Uitspraak 200407109/2


Volledige tekst

200407109/2.
Datum uitspraak: 23 september 2004

AFDELING
BESTUURSRECHTSPRAAK

Uitspraak van de Voorzitter van de Afdeling bestuursrechtspraak van de Raad van State op een verzoek om het treffen van een voorlopige voorziening (artikel 8:81 van de Algemene wet bestuursrecht) hangende het hoger beroep van:

[verzoekers], allen wonende te [woonplaats],

tegen de uitspraak van de voorzieningenrechter van de rechtbank Breda van 30 juli 2004 in het geding tussen:

verzoekers

en

het college van burgemeester en wethouders van Dongen.

1. Procesverloop

Bij besluit van 18 februari 2004 heeft het college van burgemeester en wethouders van Dongen (hierna: het college) aan Vicuna Design te ’s-Gravenmoer bouwvergunning verleend voor het plaatsen van een kap op het kantoorpand aan de Julianalaan 29 te ’s-Gravenmoer.

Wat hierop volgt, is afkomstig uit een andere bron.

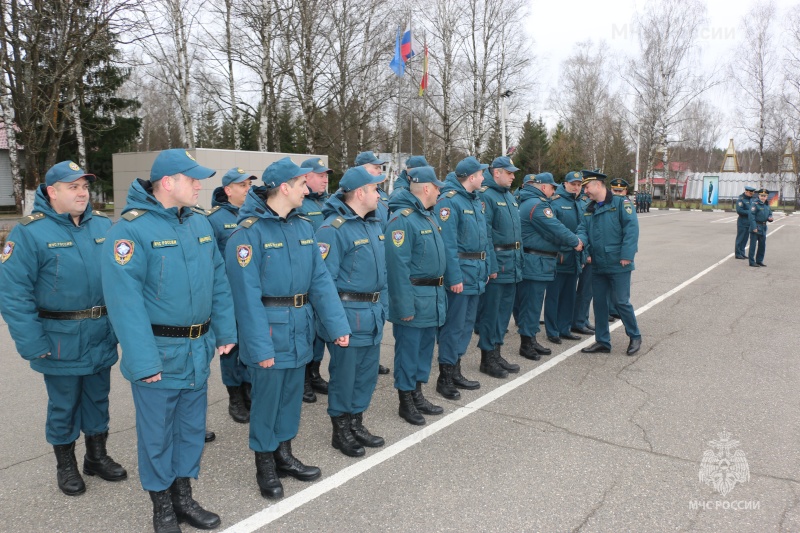 Встреча личного состава, прибывшего со служебной командировки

Bij besluit van 13 juli 2004 heeft het college de daartegen door verzoekers gemaakte bezwaren conform het advies van de commissie voor de bezwaarschriften van 23 juni 2004 ongegrond verklaard.

Bij uitspraak van 30 juli 2004, verzonden op 3 augustus 2004, heeft de voorzieningenrechter van de rechtbank te Breda het daartegen door verzoekers ingestelde beroep ongegrond verklaard.

Tegen deze uitspraak hebben verzoekers bij brief van 24 augustus 2004, bij de Raad van State ingekomen op 25 augustus 2004, hoger beroep ingesteld.
Bij brief van 31 augustus 2004, bij de Raad van State ingekomen op 1 september 2004, hebben verzoekers de Voorzitter verzocht een voorlopige voorziening te treffen.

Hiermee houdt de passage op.